Plus de 12 000 prisonniers politiques étaient encore recensés en 2015 par les organisations de défense des droits humains

Très vite, le régime d’Islam Karimov s’est posé en rempart contre l’islamisme radical, ce qui lui a permis de mener une implacable répression contre toute forme d’opposition. Le 13 mai 2005, plusieurs centaines de manifestants réunis à Andijan, dans la vallée de Ferghana, dans l’est du pays, ont été tués à la mitrailleuse lourde par les forces de sécurité. Dix ans après ce massacre, « malgré les nombreux appels en faveur d’une enquête indépendante, les autorités ouzbèkes continuent d’affirmer que la question est close », rapporte Human Rights Watch dans son dernier rapport, publié le 5 janvier.

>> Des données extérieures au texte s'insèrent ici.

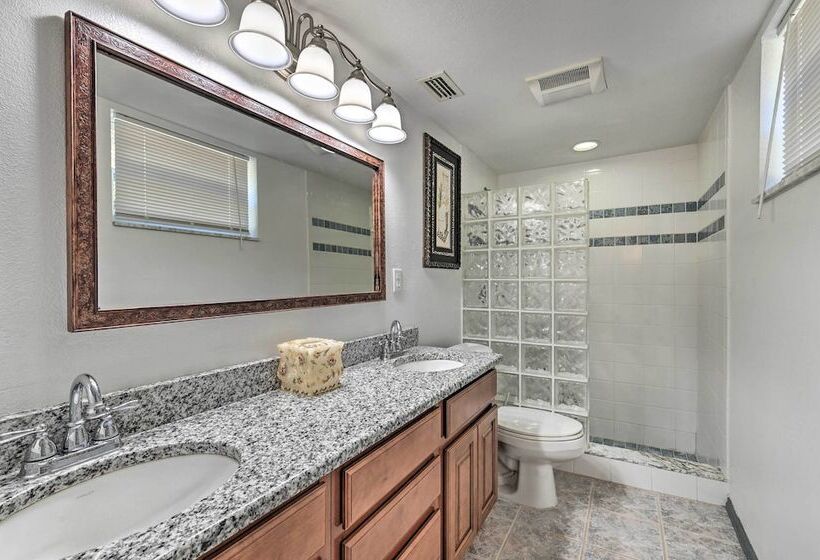 Central Florida Escape On 5 Acres W/ Grill & Pool!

Plus de 12 000 prisonniers politiques étaient encore recensés en 2015 par les organisations de défense des droits humains, la plupart sous de vagues accusations « d’extrémisme » ou d’activité « anticonstitutionnelle ». Cela n’a pas empêché l’Union européenne de lever en 2009 les sanctions prises à l’encontre de l’Ouzbékistan après les événements d’Andijan, ni même les Etats-Unis de maintenir de bonnes relations avec ce pays, bordé par l’Afghanistan au sud.

Position stratégique

Islam Karimov a su habilement exploiter cette position stratégique en offrant, cette année-là, de précieux réseaux routiers d’approvisionnement aux forces armées américaines et de l’OTAN, engagées dans la lutte contre les talibans. Deux ans plus tard, malgré les vives protestations des ONG de défense des droits de l’homme, il était reçu en janvier 2011 à Bruxelles par José Manuel Barroso, alors président de la Commission européenne, et Anders Fogh Rasmussen, le secrétaire général de l’OTAN.

Sûr de lui, le dirigeant ouzbek pouvait se permettre, aussi, de résister aux pressions de Moscou. Le maître de Tachkent n’a ainsi jamais rejoint l’Union économique eurasiatique chère à Vladimir Poutine, au contraire de son grand voisin, le Kazakhstan. « Le pays ne rentrera jamais dans une union qui ressemble à l’URSS », avait-il déclaré le 12 janvier 2015.

Le pouvoir sans partage d’Islam Karimov, marié à une économiste, s’est parfois manifesté au sein de sa propre famille. Sa fille aînée, Goulnora Karimova, diplômée de Harvard, à qui l’on a longtemps prêté l’intention de succéder à son père, aurait été assignée à résidence après avoir critiqué ses proches. Ex-ambassadrice auprès de l’ONU mais surtout redoutable femme d’affaires, impliquée dans plusieurs affaires de corruption, la bouillonnante « Googoosha », est tombée en disgrâce.